Difficulty of investigations – it is very time consuming for security analysts to create a complete picture of a threat and identify its path and impact. XDR eliminates these manual processes, fully automating forensic investigations and root cause analysis. It sho;ws the complete path and timeline of an attack, and provides contextual event data and access to full datasets to allow analysts to perform deeper analysis of an incident.
Slow detection and response – because of the above challenges, many threats are missed by the SOC, or cannot be adequately investigated. This increases response times and dwell times of threats in corporate systems.
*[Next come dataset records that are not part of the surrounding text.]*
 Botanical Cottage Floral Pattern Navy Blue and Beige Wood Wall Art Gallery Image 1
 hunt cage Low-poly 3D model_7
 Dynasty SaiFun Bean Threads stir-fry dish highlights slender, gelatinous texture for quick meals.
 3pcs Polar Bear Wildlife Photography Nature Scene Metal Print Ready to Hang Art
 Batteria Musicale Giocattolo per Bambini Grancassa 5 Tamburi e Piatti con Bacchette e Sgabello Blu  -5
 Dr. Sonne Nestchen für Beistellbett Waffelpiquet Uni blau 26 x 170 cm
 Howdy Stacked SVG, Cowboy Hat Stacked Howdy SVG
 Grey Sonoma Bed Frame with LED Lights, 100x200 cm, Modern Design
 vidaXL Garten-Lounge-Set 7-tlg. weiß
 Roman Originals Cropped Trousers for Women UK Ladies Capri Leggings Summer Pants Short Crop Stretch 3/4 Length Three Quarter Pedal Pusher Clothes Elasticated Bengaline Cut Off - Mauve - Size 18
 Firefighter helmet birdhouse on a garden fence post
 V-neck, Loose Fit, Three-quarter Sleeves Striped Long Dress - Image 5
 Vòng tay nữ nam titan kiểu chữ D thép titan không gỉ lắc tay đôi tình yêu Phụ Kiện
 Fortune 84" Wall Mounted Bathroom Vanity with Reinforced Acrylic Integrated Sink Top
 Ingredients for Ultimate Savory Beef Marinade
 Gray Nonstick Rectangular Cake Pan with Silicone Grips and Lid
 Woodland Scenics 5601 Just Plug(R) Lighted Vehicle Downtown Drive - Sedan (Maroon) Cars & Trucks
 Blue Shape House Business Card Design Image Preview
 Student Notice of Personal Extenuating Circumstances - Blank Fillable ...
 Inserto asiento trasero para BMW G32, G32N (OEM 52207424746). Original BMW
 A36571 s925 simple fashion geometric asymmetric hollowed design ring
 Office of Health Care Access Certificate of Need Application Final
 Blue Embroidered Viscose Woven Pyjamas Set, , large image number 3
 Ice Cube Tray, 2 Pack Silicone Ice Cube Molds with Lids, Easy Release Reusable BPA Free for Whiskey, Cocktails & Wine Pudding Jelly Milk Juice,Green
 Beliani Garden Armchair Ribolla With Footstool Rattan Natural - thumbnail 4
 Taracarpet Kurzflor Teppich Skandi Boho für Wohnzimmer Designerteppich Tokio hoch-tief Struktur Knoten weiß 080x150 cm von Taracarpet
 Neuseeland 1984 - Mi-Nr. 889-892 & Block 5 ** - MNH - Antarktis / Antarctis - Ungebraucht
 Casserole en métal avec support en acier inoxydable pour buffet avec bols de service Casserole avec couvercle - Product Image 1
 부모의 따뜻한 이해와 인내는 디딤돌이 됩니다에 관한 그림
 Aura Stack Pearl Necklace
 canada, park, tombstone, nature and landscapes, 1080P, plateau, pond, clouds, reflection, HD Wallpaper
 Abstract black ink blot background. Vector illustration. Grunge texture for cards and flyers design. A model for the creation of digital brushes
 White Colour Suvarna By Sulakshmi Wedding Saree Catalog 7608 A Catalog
XDR can improve key SOC performance metrics like mean time to respond (MTTR) and mean time to detect (MTTD), by improving threat detection rates and speeding response times.
EDR vs XDR
EDR was created to provide perimeter-wide protection for a system. This was an advancement on existing methods as it provided coverage for a primary component in an attack: endpoints. The result was proactive endpoint security that covered many security gaps and blindspots.
Effective use of EDR still requires collaboration with other tools and processes, however. It cannot protect your system on its own. It also cannot provide full visibility of your system. Rather, it can provide limited visibility into what actions attackers are taking on your endpoints. If you want to know what happened throughout the attack, you need to bring in other monitoring and detection tools.
XDR was designed to fill this information gap. Unlike EDR, it can provide visibility into every phase of an attack, from endpoint to payload. By integrating XDR into your security platform, you can collate information from across your systems. This helps you determine a more accurate picture of past attacks as well as attacks in progress. This is especially important as networks become more distributed and more external services are incorporated and provided system access.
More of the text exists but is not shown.